If a person believes only what they can see, hear, or sense such as archaeological evidence from an earlier epoch, that person is their own arbiter and so is playing God. They are their own reference (or what other humans reference-they being an extension) and so only believe what can be sensed in some way. Unless a record exists from an earlier time, they will not accept testimony of an event. This is the case of the Jewish Exodus from Egypt for many- no record of it in Sinai, so it didn’t happen. I am reminded of a verse in John 14.17: The Spirit of truth. The world cannot accept him, because it neither sees him nor knows him. But you know him, for he lives with you and will be in you.
In everyday life we depend upon the laws of nature (so called) to function and physical laws are comforting and predictable for us. God made these predictable laws for our benefit but He overrides them at times for various reasons. Such is the case of Israel’s wanderings in Sinai.

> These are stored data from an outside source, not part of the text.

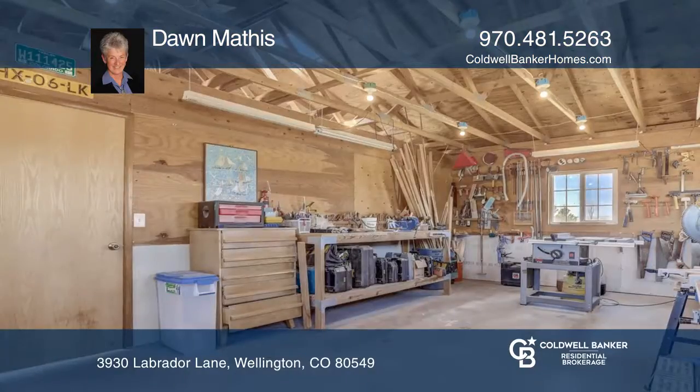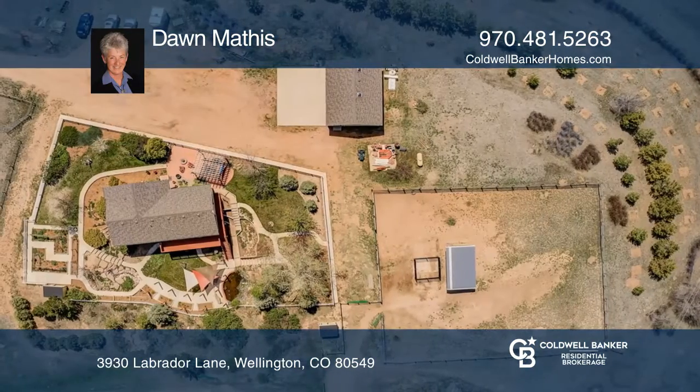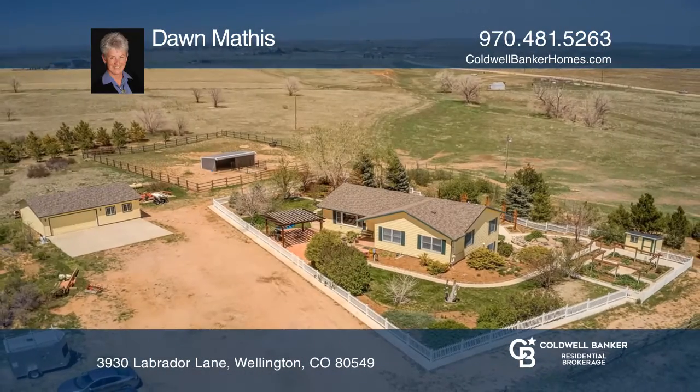The huge oversized garage has a workshop, pack room, and hay storage, complete with a new roof and loafing shed and one-year home warranty. Dawn Mathis can tell you more.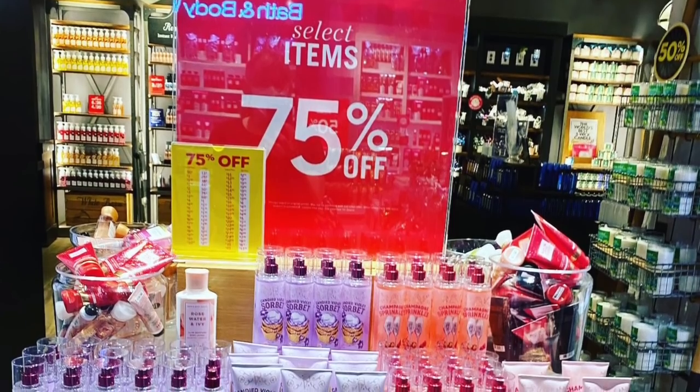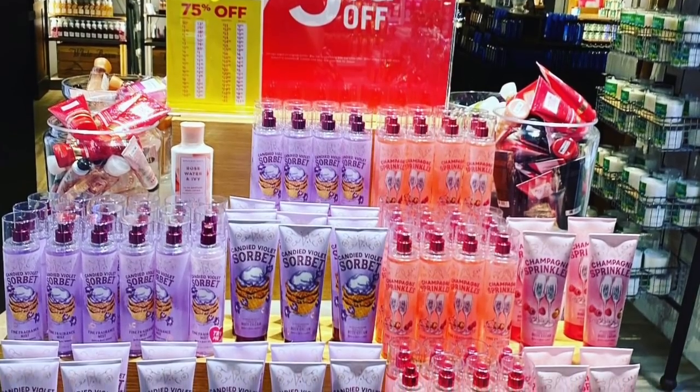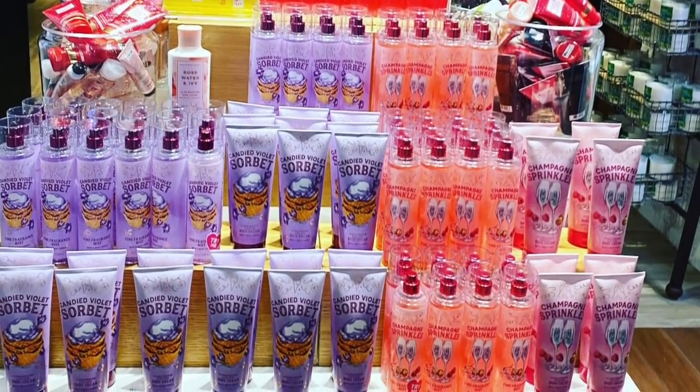I pulled this one out of my archive the other day — 75% off of the Candied Violet Sorbet and the Champagne Sprinkles. I just used my last Champagne Sprinkles shower gel; I love that shower gel, it's fabulous. I always look through my old pictures from semi-annual sale and go, ah, I should have bought a couple more. And then you're like, no, I overstocked, I have too many. So it's always a battle — you don't know how much to buy. Then when you see pictures like that, you think you could have had Champagne Sprinkles shower gel for like $2 and change.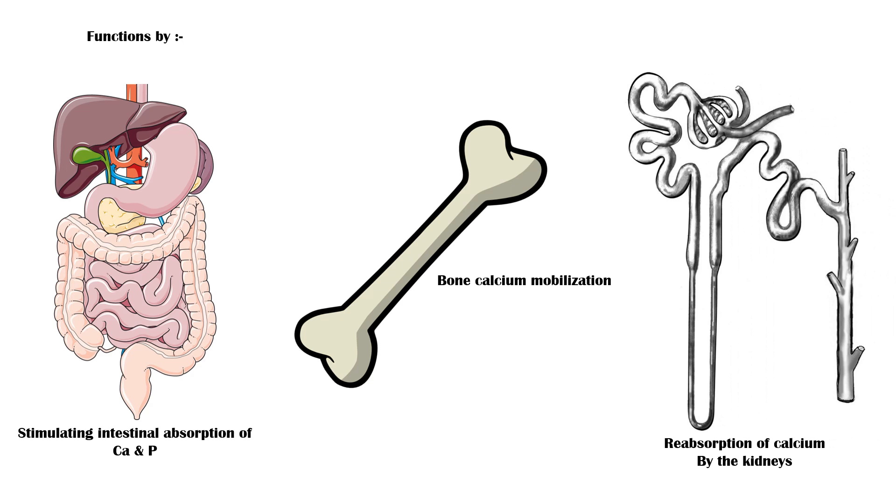As a result of these functions, serum calcium and phosphorus concentrations are maintained at a healthy level, which is required for the proper mineralization of bones, enzymatic activity, and other cellular functions.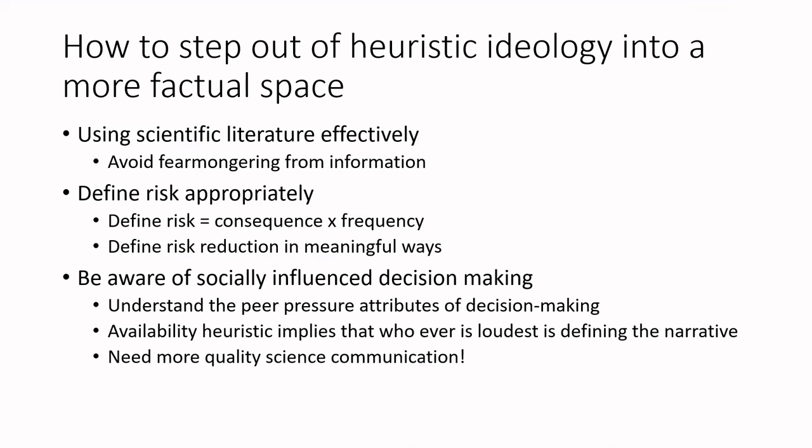So how do we step out of all these ideologies into more fact-based decision making? Part of the challenge is using scientific literature more effectively. Hundreds, if not thousands, of papers are published daily, and sifting through the quality of that information is difficult. We need to identify papers with good credibility and quality — there's a whole video on evaluating nutrition scientific literature that I encourage you to watch. We also need to define risk appropriately: looking at the consequence of risk multiplied by frequency. In many cases our risk is greater because of low-consequence but high-frequency activity, versus something with really high consequence but extremely infrequent occurrence.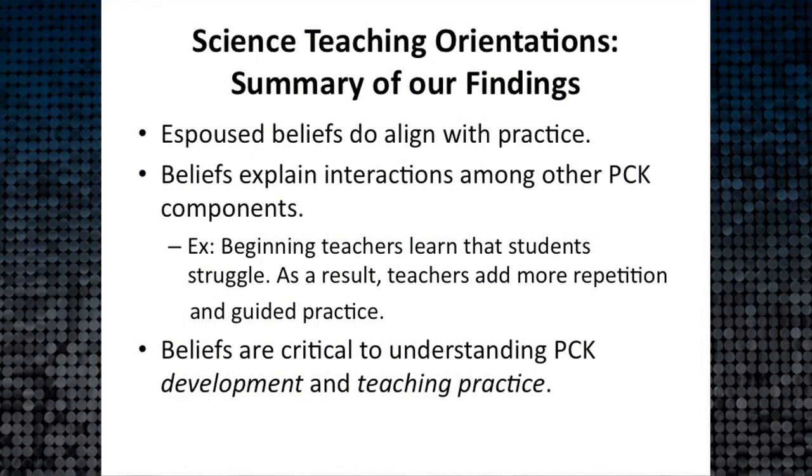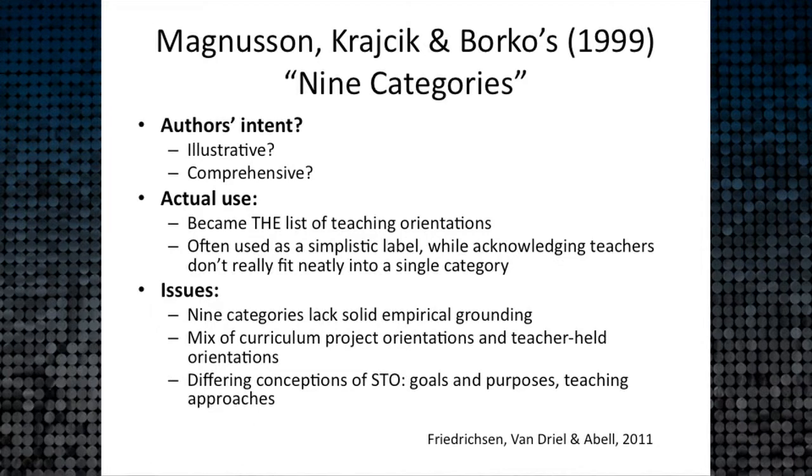For us, we've always had to return to understanding beliefs to explain why teachers learn what they do and why their practice looks the way it does. We've sliced beliefs in many ways — simple, complicated, with many dimensions — but it's an important piece for understanding development. If I just want to know what teachers know, I may not care about beliefs; but if I want to understand how their learning develops over time, it becomes critical. This leads me to speak briefly about the nine categories from Magnuson, Krajcik, and Borko.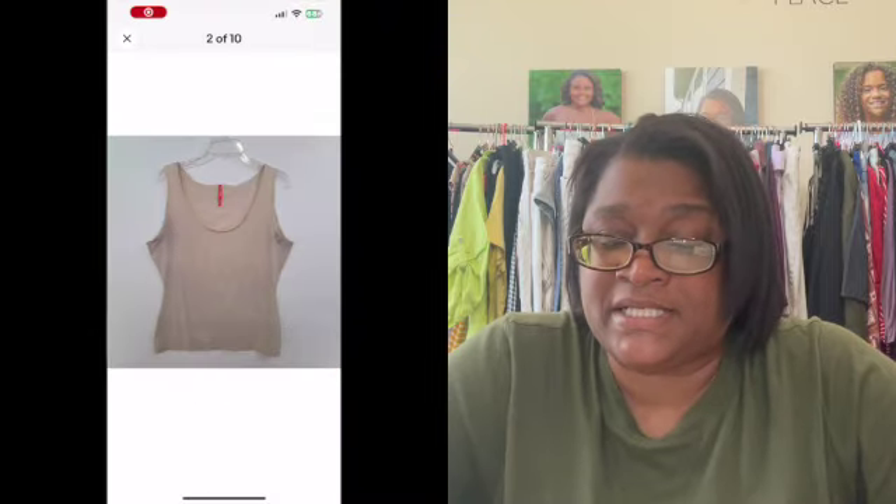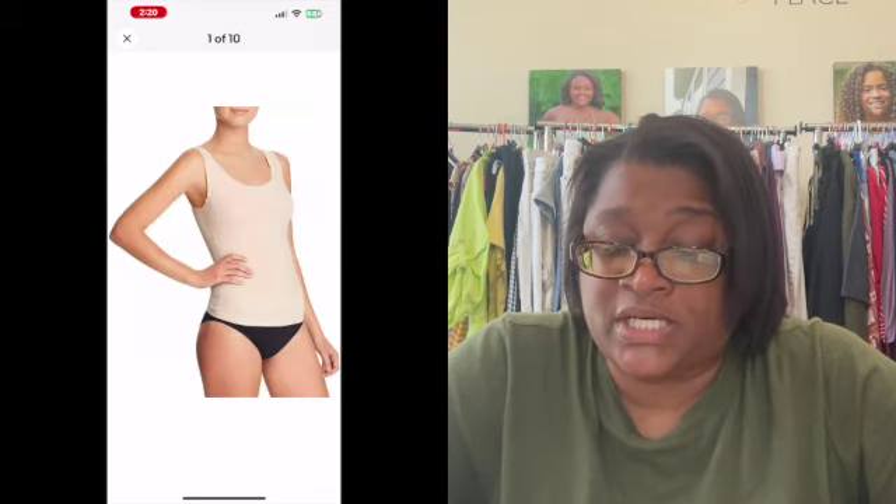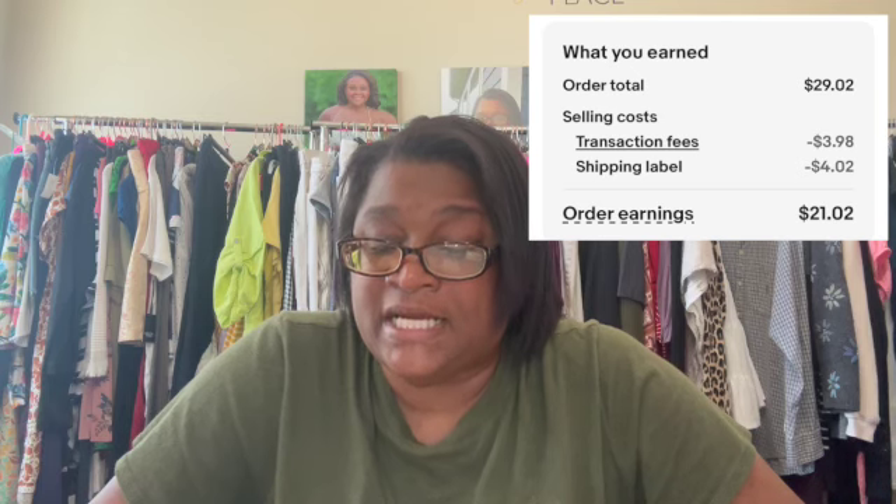Moving on to eBay, we had two sales. The first was the Spanx Shapewear Tank Top Nude 1X. It sold for $29, the order total was $29.02. The transaction fee was $3.98, the shipping label was $4.02, and the earnings were $21.02. I also like to focus on larger sizes for Spanx items — keep in mind it's shapewear, and as thicker girls we want to smooth out those rolls and bumps and lumps, whereas smaller size people may not necessarily need to do that. I try to be logical when I am sourcing things — there is a thought process.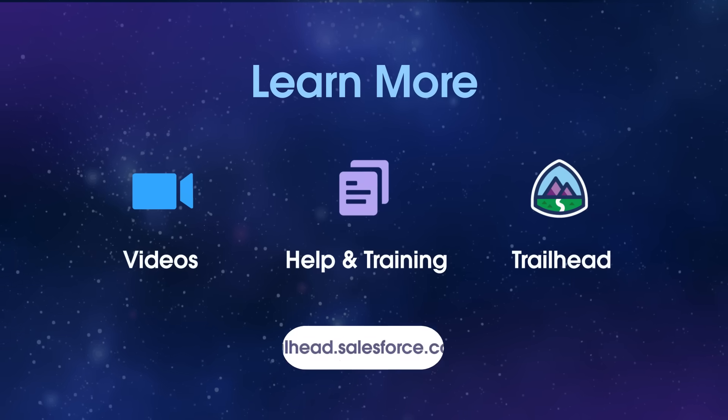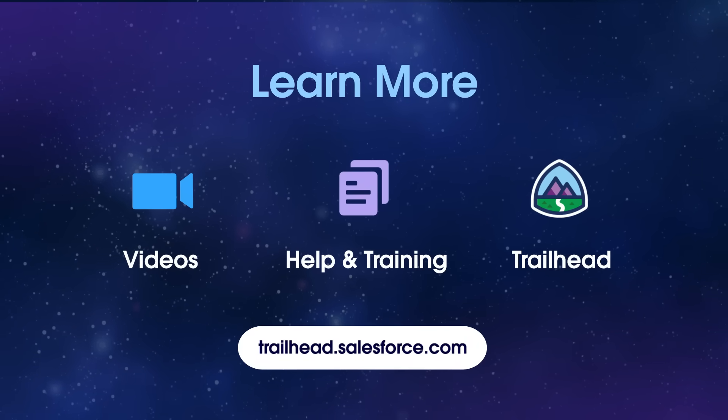Check out our other videos and explore related topics on trailhead.salesforce.com.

Richard Elliot Friedman, in his forthcoming book writes:
Some archaeologists had said, “We’ve combed the Sinai and didn’t find anything.” But an Israeli archaeologist laughed at that claim and told me, “It was
five jeeps.” It was a survey, not an excavation of the whole Sinai
Peninsula. Moreover, even if we had excavated the whole Sinai,
what could we find that people traveling from Egypt to Israel
around thirty-three hundred years ago would have left that we
would dig up now? A piece of petrified wood with “Moses loves
Zipporah” carved in it? An Israeli archaeologist told me that a
vehicle that was lost in Sinai in the 1973 war was found recently
under sixteen meters of sand. Sixteen meters down in forty years
(a biblical number)! Finding objects thirty-three hundred years
down presents a rather harder challenge. And, above all, our archaeological
work did not turn up evidence to show that an exodus
did not happen. What it turned up was nothing, an absence of
evidence. And some archaeologists then interpreted this nothing
to be proof that the event did not happen. On the other side, people
who challenged such interpretations were fond of quoting the
old principle: “Absence of evidence is not evidence of absence.”
As Friedman says, what is expected to be found in Sinai? Israel lived in tents and moved around instead of building dwellings. Manna was given them every day except the Sabbath for which they were given twice as much the day before. Their clothes and sandals were miraculously preserved (Dt. 8.4, 29.5, Neh. 9.21). God sustained Israel for 40 years in Sinai through intervening the laws of nature for them. So mounting an expedition or digging in the Sinai wilderness looking for clues of Israeli data will be futile. As with other miracles, no data of it is preserved since that is the nature of miracles-it is an imposition of the normal course of events by a supernatural agent.